WORK TASK.
Would you output the entries below only from the line containing "Kids Football Tee" through the line containing "Luxury Portugal Holidays", exactly as they stand and with both ends included?

DATA EXTRACT.
-=-=-=-=-

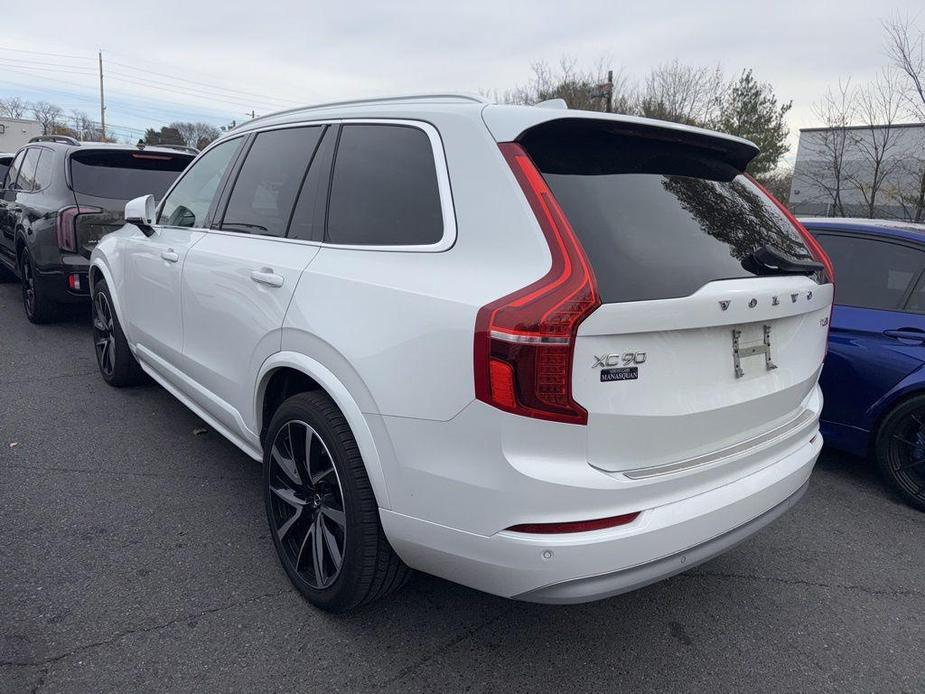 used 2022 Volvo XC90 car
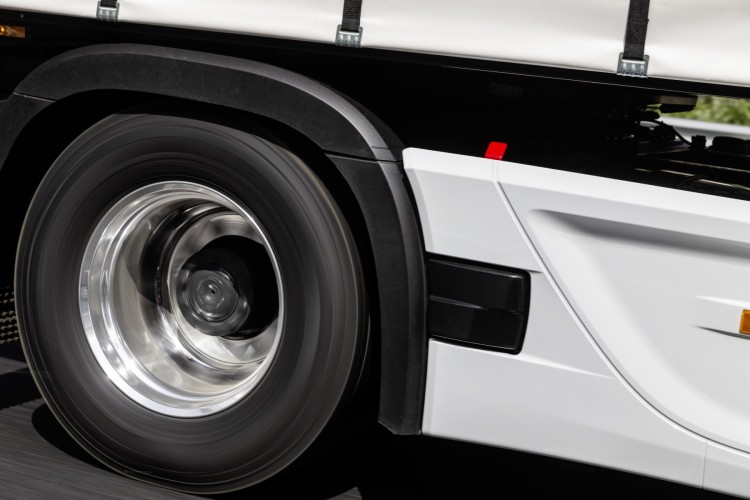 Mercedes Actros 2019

-=-=-=-=-

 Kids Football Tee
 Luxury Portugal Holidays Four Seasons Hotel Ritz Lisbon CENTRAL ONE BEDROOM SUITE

-=-=-=-=-

SOLUTION FOR THIS TASK.
 Kids Football Tee
 Luxury Portugal Holidays Four Seasons Hotel Ritz Lisbon CENTRAL ONE BEDROOM SUITE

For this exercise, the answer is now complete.